ASSIGNED TASK:
Look below for the line with "Kakkoii Onnanoko to", then repeat it and all lines after it, exactly, minus any pictures.

EXERCISE DATA:
┌──

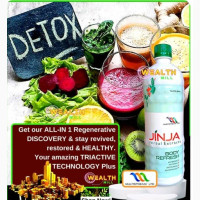 Jinja Herbal Extract - Boost Your Health and Detoxify Your Body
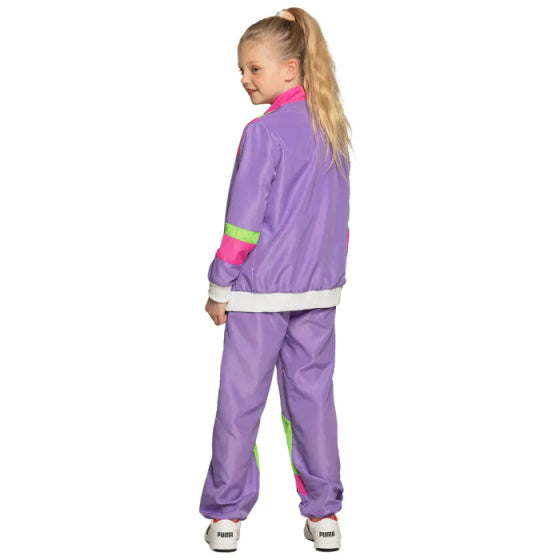 Boland Tracksuit Retro Junior Polyester MT 10-12 let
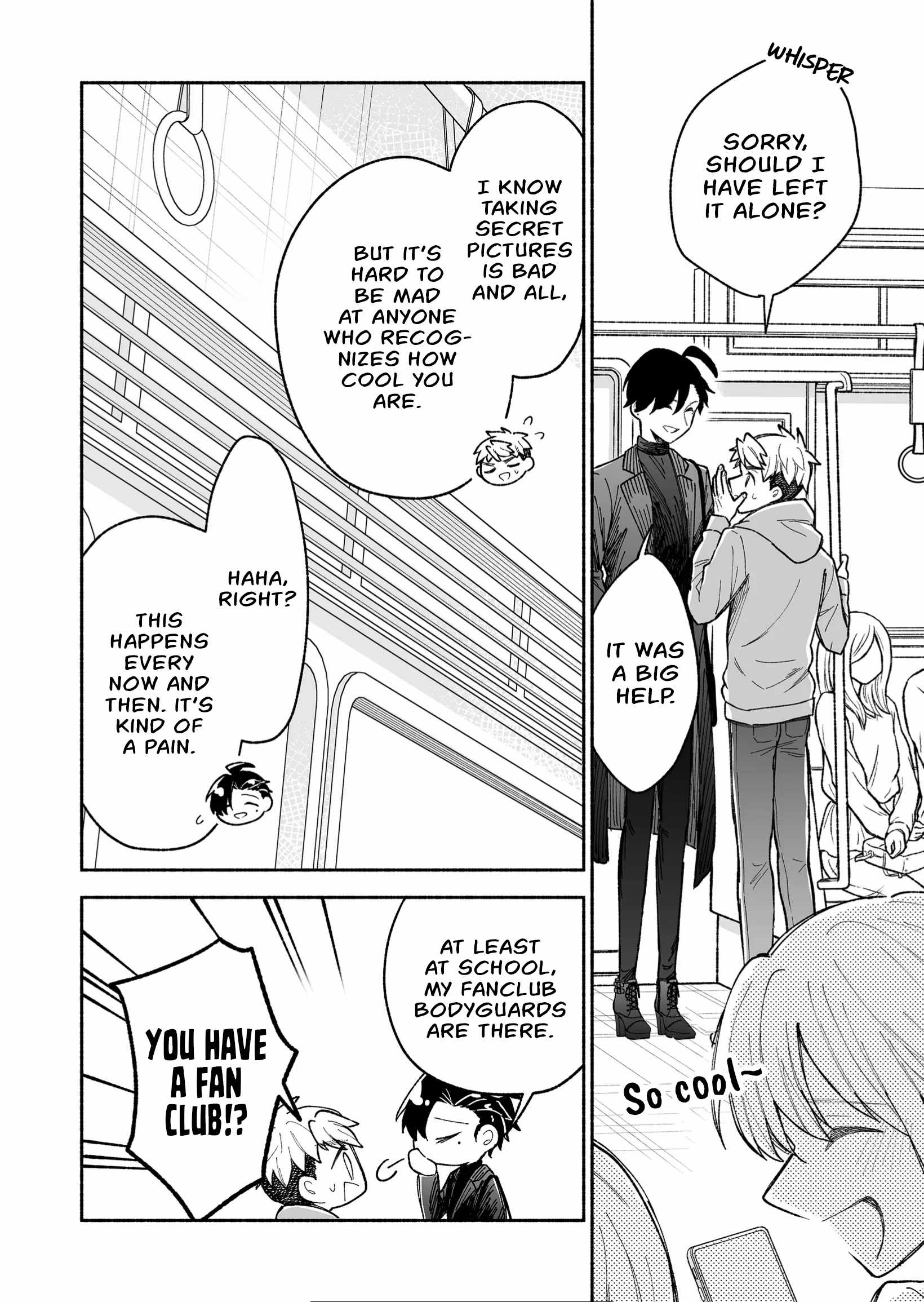 Kakkoii Onnanoko to 12-centi no Yakusoku Chapter 6 - Page 4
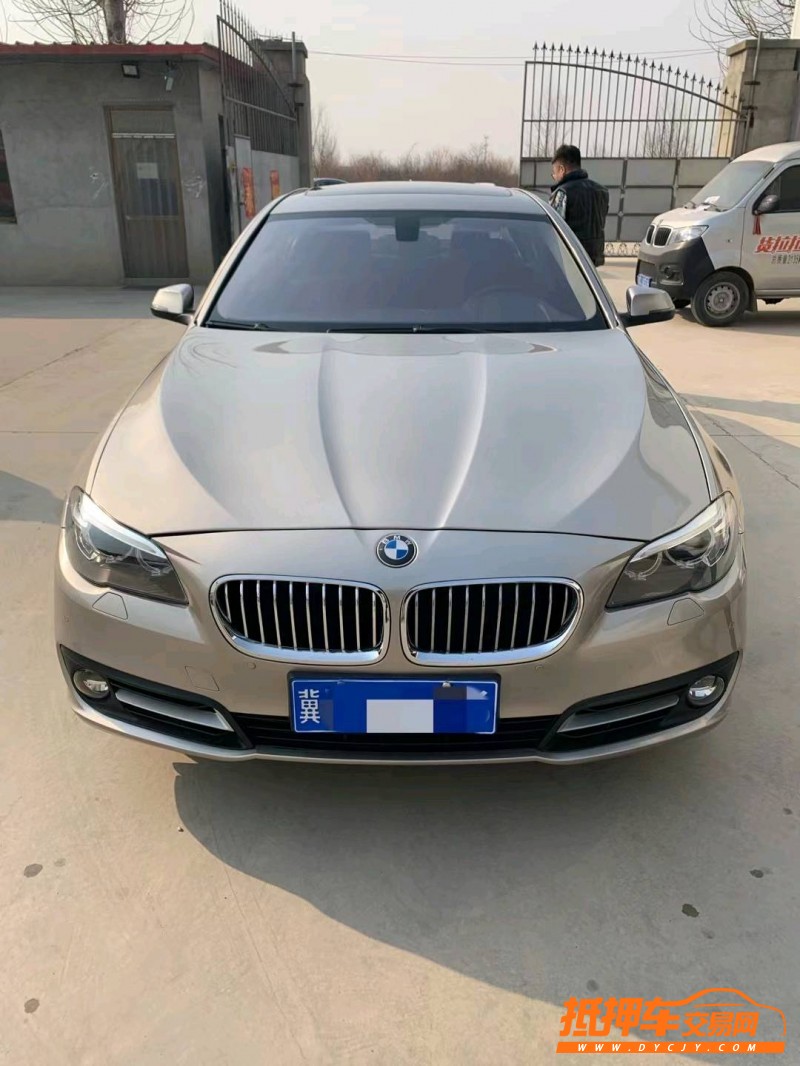 保定16年宝马5系1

└──

ANSWER SPACE:
 Kakkoii Onnanoko to 12-centi no Yakusoku Chapter 6 - Page 4
 保定16年宝马5系1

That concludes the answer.